A Super Simple Kitchen Waste Composter - Abundant Mini Gardens

A Super Simple Kitchen Waste Composter

The worm cafe

Would you like a true dump and forget – no fuss, no muss – way to compost your kitchen scraps directly in your garden?

One of the issues gardeners have when they include kitchen scraps in their outdoor compost piles is that the food often attracts pests, such as rodents, skunks, raccoons, etc.

Indoor worm bins are a great way to compost kitchen scraps, but they take up space that some people don’t have, and they require good maintenance to keep the worms healthy and to avoid breeding insect pests inside your home.

Fortunately, there’s one way to easily compost your kitchen scraps – directly in your garden!

One of my gardening students, Debbi Richey, created a super simple composter.  Her family calls it the “Worm Cafe”.  She took a 5-6 foot long piece of 4″ wide PVC pipe, and drilled a number of 1/2″ holes at one end.

Creating a worm cafe by drilling holes into a PVC pipe

Cut a piece of 4″ (or even 6″) wide PVC pipe into the length you’d like to use – allowing 18″ to be buried underground. Drill an assortment of 1/2″ holes around the section of the pipe that will be buried.

She spray-painted and decorated the pipe, because she wanted it tall enough to be able to use it by reaching across a fence.  Be sure to use the kind of paint that’s designed to stick to plastic.  She then vertically buried the pipe 18″ deep in the middle of her garden bed, with the drilled holes underground.

Feel free to decorate the taller worm cafes!

You can create tall or short “worm cafes” for your garden. Feel free to decorate the taller pipes!

She uses a simple and cheap cap to open and close the pipe, and keep out insect pests.

A cheap and easy-to-use cap for the worm cafe

These cheap and easy-to-use caps are available wherever PVC pipes are sold.

All she has to do is dump in the scraps and walk away!  They decompose in the pipe, with the help of worms. Debbi has noticed that the plants closest to the worm cafe grow more vigorously, as their roots have access to all the nutrients released underground.

It’s not necessary to create tall composters. If you’d like less conspicuous worm cafes, you can cut the pipe into 2 foot lengths, and leave only 6″ sticking above the ground.

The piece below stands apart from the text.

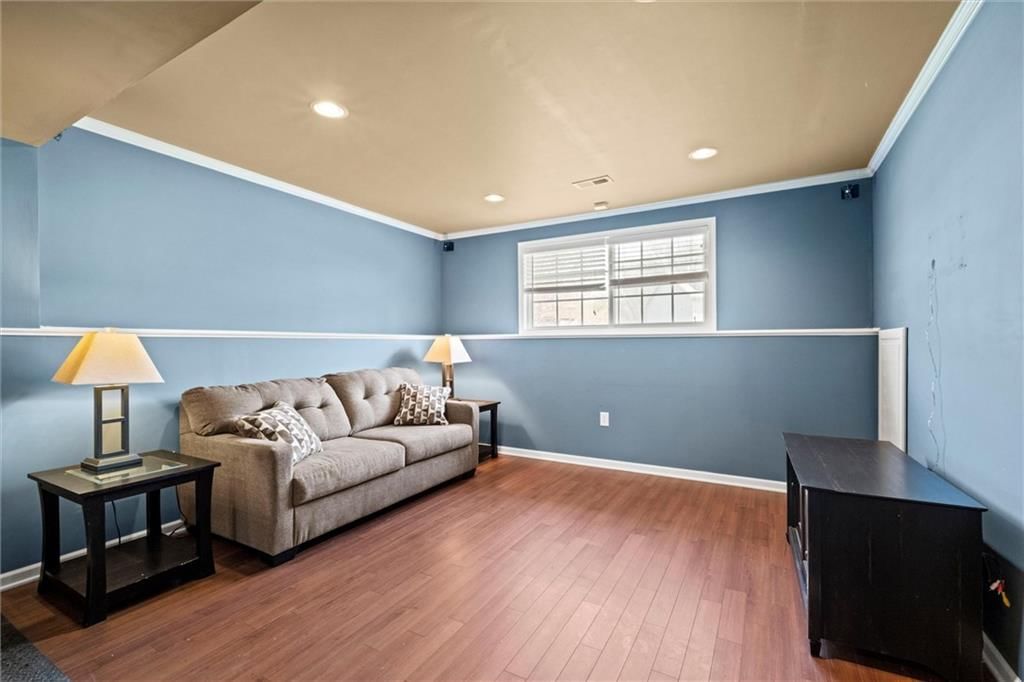 16716 Branson Drive — photo 23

If your household creates a lot of food scraps, you might want to have several of these composters scattered around your garden.

The main limitation of this method is that it stops working during the winter, when the food can’t decompose in the cold, and the worms go deep into the soil to hibernate for the winter.

Thanks, Debbi, for sharing your unique composting method with us!

  • Terry says:

    This is ingenious ! Definitely incorporating into raised beds year. Have tried composting before with abysmal results.

  • Lynn says:

    This is a great idea! Will use in 2016 and put one in middle of 5 pepper plants, 4 tomato, middle of 8 cucumber plant tree and my cherry tomato tree. Thanks Debby and Debra will have 2016 pics on FB RVB’s group

    • Debra says:

      I’m looking forward to seeing your photos next year! Have fun!

  • diane macadam says:

    This is a great idea. I can foresee a day when this could be used (many pipes) throughout a garden. Tell your student she’s right on……

  • Alice says:

    Won’t the pipe fill up?

    • Debra says:

      If you add too much food too quickly, yes, it could fill up. It does take some time for the food to decompose. However, if your household produces a lot of food scraps, you could just add a few more pipes in additional garden beds. This system also tends to stop working during winter, when it’s too cold to decompose.

  • This particular pvc worm farm sounds great and easy, but my concern is the grub worms. Do you have a problem with that and if yes, how is this problem controlled?
    Thanks, Cynthia

    • Debra says:

      Hi Cynthia! From what I understand, grubs are root-eating larvae of beetles. I’ve not found them to be a problem with composting.